Course Search Engine: Crawling the catalog¶
Due: Saturday, January 29th at 4:30pm
You must work alone on this assignment.
In this assignment, you will build a course search engine. You will build a web crawler that crawls a shadow copy of the college catalog to construct a simple index. The purpose of this assignment is to give you more Python programming experience and to have you work with HTML documents extracted from the web.
Getting started¶
Using the invitation URL provided on Ed Discussion, create a repository for your PA #2 files.
After accepting the assignment, Github will take a few minutes to create your repository. You should receive an email from Github when your repository is ready. Normally, it’s ready within seconds and you can just refresh the page.
Next, make sure you’ve
set the GITHUB_USERNAME
variable by running the following (replacing replace_me
with your GitHub username):
GITHUB_USERNAME=replace_me
(remember you can double-check whether the variable is properly set by
running echo $GITHUB_USERNAME
)
And finally, run these commands (if you don’t recall what some of these commands do, they are explained at the end of the Git Tutorial):
cd ~/capp30122
git clone git@github.com:uchicago-CAPP30122-win-2022/pa2-$GITHUB_USERNAME.git
cd pa2-$GITHUB_USERNAME
You will find the files you need for the programming assignment directly in the root of your repository.

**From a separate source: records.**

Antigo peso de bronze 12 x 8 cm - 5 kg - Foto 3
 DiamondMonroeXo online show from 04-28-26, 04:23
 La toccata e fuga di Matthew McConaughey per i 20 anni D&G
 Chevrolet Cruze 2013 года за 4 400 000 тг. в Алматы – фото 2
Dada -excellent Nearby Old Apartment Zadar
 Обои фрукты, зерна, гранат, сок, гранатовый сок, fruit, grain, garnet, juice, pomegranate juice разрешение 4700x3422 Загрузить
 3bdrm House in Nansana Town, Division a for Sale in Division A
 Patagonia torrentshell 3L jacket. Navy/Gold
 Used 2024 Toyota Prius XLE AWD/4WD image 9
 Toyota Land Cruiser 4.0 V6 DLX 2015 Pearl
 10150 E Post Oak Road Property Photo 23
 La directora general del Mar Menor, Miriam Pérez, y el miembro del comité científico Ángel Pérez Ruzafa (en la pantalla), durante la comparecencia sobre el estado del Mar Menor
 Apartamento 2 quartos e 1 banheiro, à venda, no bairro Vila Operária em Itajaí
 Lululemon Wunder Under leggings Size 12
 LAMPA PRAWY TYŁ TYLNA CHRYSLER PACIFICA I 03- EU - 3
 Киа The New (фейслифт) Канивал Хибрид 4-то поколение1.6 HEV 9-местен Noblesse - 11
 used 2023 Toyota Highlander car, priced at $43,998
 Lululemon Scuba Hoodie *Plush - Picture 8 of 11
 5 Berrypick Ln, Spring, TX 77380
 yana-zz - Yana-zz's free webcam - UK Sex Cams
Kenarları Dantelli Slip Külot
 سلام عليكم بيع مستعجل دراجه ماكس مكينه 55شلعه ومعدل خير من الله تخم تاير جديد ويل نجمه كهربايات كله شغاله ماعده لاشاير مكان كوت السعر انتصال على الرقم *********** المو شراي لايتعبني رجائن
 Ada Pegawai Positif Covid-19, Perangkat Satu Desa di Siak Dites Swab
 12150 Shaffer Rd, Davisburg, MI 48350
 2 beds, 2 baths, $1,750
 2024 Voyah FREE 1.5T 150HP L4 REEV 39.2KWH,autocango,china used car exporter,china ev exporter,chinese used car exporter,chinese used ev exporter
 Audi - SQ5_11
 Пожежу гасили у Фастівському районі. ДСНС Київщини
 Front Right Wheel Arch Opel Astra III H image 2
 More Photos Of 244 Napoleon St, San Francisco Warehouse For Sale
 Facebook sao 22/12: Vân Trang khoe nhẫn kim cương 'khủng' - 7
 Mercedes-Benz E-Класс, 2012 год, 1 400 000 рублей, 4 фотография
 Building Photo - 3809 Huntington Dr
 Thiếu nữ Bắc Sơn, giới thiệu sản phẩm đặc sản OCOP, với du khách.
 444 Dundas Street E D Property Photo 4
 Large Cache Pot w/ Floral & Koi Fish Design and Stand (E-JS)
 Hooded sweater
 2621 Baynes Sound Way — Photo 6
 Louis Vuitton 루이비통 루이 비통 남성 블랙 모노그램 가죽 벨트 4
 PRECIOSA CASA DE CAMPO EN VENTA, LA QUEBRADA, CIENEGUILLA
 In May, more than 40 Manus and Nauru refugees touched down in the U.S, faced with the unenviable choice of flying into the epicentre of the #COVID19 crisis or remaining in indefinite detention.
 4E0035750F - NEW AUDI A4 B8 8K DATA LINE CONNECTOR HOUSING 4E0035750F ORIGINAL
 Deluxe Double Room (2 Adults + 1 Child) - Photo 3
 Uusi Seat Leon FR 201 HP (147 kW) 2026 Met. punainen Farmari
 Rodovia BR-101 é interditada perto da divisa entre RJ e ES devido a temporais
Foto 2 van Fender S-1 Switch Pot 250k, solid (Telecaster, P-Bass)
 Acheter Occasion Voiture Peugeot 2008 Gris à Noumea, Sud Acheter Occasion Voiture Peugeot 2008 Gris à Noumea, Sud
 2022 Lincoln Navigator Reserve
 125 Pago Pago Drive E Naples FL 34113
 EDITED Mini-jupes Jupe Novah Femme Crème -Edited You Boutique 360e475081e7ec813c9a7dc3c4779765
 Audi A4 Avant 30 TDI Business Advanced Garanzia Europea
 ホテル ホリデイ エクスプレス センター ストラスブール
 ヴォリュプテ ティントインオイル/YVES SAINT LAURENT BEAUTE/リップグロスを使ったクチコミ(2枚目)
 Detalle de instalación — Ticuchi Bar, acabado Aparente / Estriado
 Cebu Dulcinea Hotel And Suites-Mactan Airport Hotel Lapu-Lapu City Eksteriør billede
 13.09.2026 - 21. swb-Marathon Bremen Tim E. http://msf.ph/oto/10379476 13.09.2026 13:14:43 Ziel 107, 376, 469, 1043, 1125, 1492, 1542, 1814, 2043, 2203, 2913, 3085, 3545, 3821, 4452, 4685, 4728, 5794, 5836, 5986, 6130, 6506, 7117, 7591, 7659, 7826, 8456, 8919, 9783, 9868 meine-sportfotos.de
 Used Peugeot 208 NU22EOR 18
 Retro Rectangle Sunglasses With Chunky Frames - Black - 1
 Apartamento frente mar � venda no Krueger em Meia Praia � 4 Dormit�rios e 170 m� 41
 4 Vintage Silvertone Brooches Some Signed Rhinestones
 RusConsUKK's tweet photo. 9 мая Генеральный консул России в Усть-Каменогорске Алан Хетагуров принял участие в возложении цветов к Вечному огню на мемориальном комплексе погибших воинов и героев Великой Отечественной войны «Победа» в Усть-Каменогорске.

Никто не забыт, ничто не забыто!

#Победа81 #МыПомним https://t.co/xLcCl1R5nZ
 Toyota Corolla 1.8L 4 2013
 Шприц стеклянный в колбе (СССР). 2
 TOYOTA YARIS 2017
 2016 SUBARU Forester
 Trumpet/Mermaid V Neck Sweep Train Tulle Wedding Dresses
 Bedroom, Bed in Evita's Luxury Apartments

Before describing the specifics of your task, we will briefly explain how to work with URLs and grab pages from the web.
Working with URLs¶
URL stands for uniform resource locator. A URL, for example:
http://www.classes.cs.uchicago.edu/archive/2022/winter/30122-1/pa/index.html
has the following format:
protocol://site address/path/filename
The protocol field (http
, in our example) specifies which protocol
should be used to interact with the resource. Common protocols include
http, https, and ftp. We will be working with http and https, the
hypertext transport protocols. The site address specifies the host
computer name (www
), the domain name (classes.cs.uchicago
),
and the top level domain (edu
). The path specifies part of the
hierarchical location (archive/2022/winter/30122-1
) of the desired
file (index.html
) in the file system on the host
computer. The path to the archive
directory is supplied by the
configuration of the web server program running on the host machine. The full path in the department’s file system for the
example above is:
/stage/classes/archive/2022/winter/30122-1/pa/index.html.
URLs
can also include a port number, which we will not be using.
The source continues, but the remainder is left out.